Quizás mi falta de paciencia con los impuntuales dice tanto de ellos como de mí. Sea como sea, tengo que reconocer que la impuntualidad crónica me saca de quicio. No me refiero a una circunstancia coyuntural que a todo el mundo le puede afectar. Ninguno estamos libres de una situación imprevista, de un trámite que dura más de lo esperado, de un atasco, o hasta de un despiste. Pero la cuestión es que la mayoría de veces, quien es puntual, lo es prácticamente siempre (quizás se haya acostumbrado a calcular mejor los tiempos, a darse margen para no ir tan al límite que cualquier obstáculo suponga un retraso, a dejar la tarea comenzada, o es que no le gusta el riesgo, yo que sé). Y en cambio, están quienes siempre son impuntuales. Siempre llegan tarde. Diez, quince minutos, lo que sea… y como se te ocurra decir algo, el problema lo tienes tú «es que cómo te pones». A veces un WhatsApp sobre la marcha parece ya coartada. Pero, ¿de qué sirve que, cuando estás esperando en el lugar y hora acordado, te entre un mensajito diciendo «llego diez minutos tarde», cuando tú tal vez has dejado algo que tenías entre manos, una tarea, una conversación, o un libro que estabas leyendo, para no llegar tarde? Y piensas, ¿no podrían haberme avisado hace un cuarto de hora? Y ahí andas, pasmado, y esperando.

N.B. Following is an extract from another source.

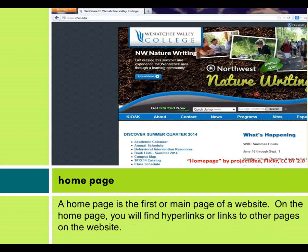Homepage. A homepage is the first or main page of a website. On the homepage, you will find hyperlinks or links to other pages on the website.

Sé que quizás exagero, y no hay que ponerse dramático de más. Vale, la impuntualidad no es un crimen, ni es para negarle al otro el saludo, por supuesto. Pero cuando es algo constante, sí que me parece una forma de egoísmo. Es decirle al otro: «Tu tiempo no me importa. O no vale tanto como el mío». Y aunque no sea intencionado, ni consciente, ni sea esa la intención, en realidad sí que lo estás diciendo –por vía de tus hechos–.
En el reverso, ¿puede ser que yo tenga que relajarme de vez en cuando? Pues también.